1. Make sure the bids are clean and the hosting rights have been awarded fairly.

2. Keep a tight watch over the event’s organisation – especially including construction and the award of contracts – to make sure that the opportunities for and occurrences of corruption are minimised. Ideally, this should be hard-wired into the contract.

Oh dear.  We can probably assume that Russia has failed on both counts.  The World Cup rights were awarded at a time when FIFA was seething with corruption, as was long suspected and has subsequently been revealed.  That revealing came from investigations by the US and other authorities, but FIFA itself – despite the Garcia report which failed to secure Russian cooperation and found that the relevant computers had been mysteriously destroyed – has not succeeded in undertaking a proper investigation into what went on and whether corruption contributed to Russia winning the World Cup rights. (Let me note here that there are also allegations around the Australian bid – it would be naïve to believe this is solely a Russian problem.)
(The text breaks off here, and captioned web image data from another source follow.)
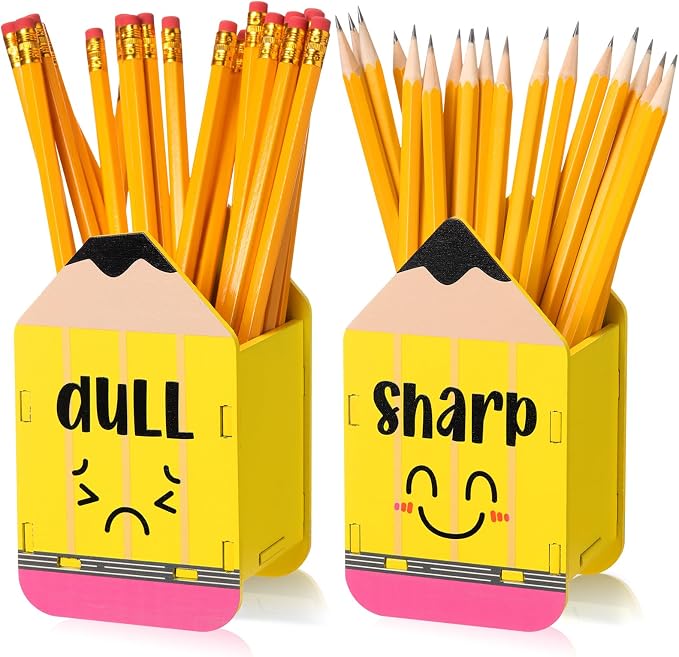 DoubleFill 2 Pcs Pencil Shaped Holder Sharp Dull Holder Wooden Dispenser Pencil by DoubleFill
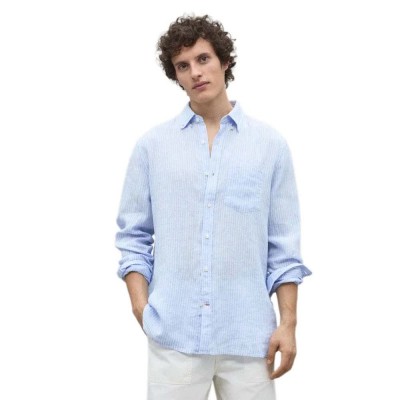 риза,с,къс,ръкав,мъжки,ризи,ecoalf,adan,short,sleeve,shirt,blue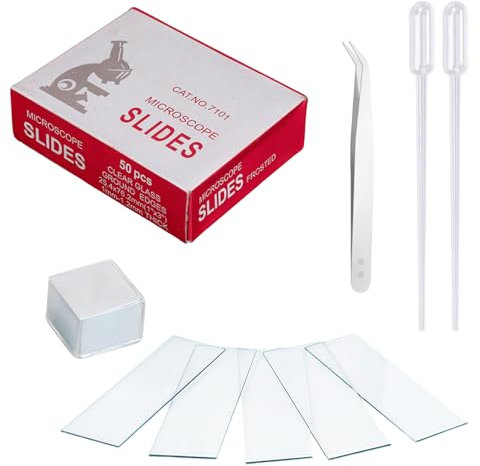 50 Mikroskop Objektträger, 100 Mikroskopdeckglas, Blanko Runde Geschliffen Mikroskop, Transparente Objektträger, Deckgläser Mikroskop mit Tropfer Pinzette, für Labor Biologie Wissenschaft Studium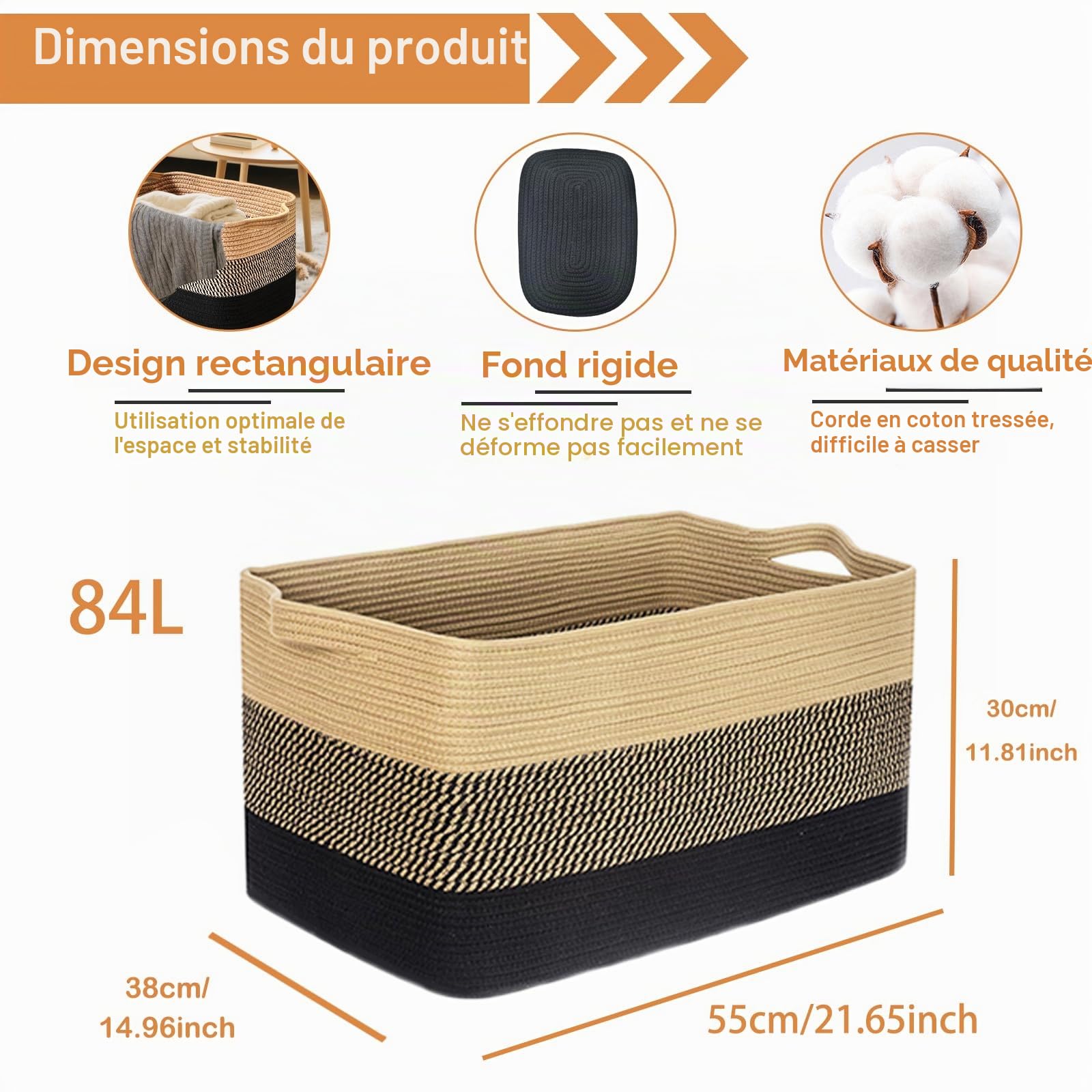 Panier de rangement, panier de rangement pour enfants avec poignées, grand panier de rangement pliable tressé en corde de coton pour salle de bain, chambre d'enfant (60x40 cm, brun+noir)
Regarding corruption in the event’s organising, the first stirrings are just coming to light around the Russian World Cup  – and, of course, four years on, we are beginning to hear in some detail about the concerns about Brazil.  But the analogy is the Sochi Winter Olympics, at which the construction and other costs came in at four times the original bid.  Given the location of this year’s World Cup, the track record at Sochi, and the lax oversight regime that can be expected of FIFA, it seems only a matter of time before the stories start leaking out about how corrupt cronies of the Russian leadership have managed to enrich themselves again off the back of a major sporting event.  We can look forward to the brazen denials.

Does it matter? At the end of the day, doesn’t everyone just want the best possible tournament?  Here are three reasons why it does matter:

  • Other countries lose out.  The stated values of FIFA, the IOC and other sporting bodies usually embrace fairness and a level playing field.  This is not the case when there is a competition for who can be best at paying bribes to secure the rights.
  • Local kleptocrats have their power reinforced.  Granting rights to corrupt governments is effectively handing them over money and global respectability.  That will help to keep them in power longer, to the detriment of their citizens.
  • Corruption creates an enabling environment for cheating.  This week’s revelations about bribes for West African referees have already highlighted the risks and rewards of match-fixing.  Russia itself has a serial history of state-sponsored cheating through drugs.  Given these known challenges, everything should be done to minimise the risks of corruption and cheating, and the risks must certainly be higher in a country in which corruption is part of daily life.

The good news is that FIFA has now changed its system for World Cup bids – there are new bidding criteria, including compliance and human rights, and these will be laid down in clauses in the host contract.  This is mirrored by advances at the IOC, where new clauses have been included in their Host City Contract.  The IOC did the same for the Host City Contract 2024, and my colleagues at TI France are playing an important role in monitoring this.

If major sporting events are to be held in countries with high levels of corruption, the least we can expect is that the governing bodies of those sports award the hosting rights through a fair process, monitor the period between the award of hosting rights and the event to ensure that it is as far as possible free of corruption, and are extra vigilant during the event to ensure that a corrupt environment does not enable cheating.  If any of these things go badly wrong, the sport’s governing bodies need the courage to re-award the rights elsewhere – but of course, that can only be done on a legal basis, hence the importance of the contracts.  Football fans rightly expect nothing less.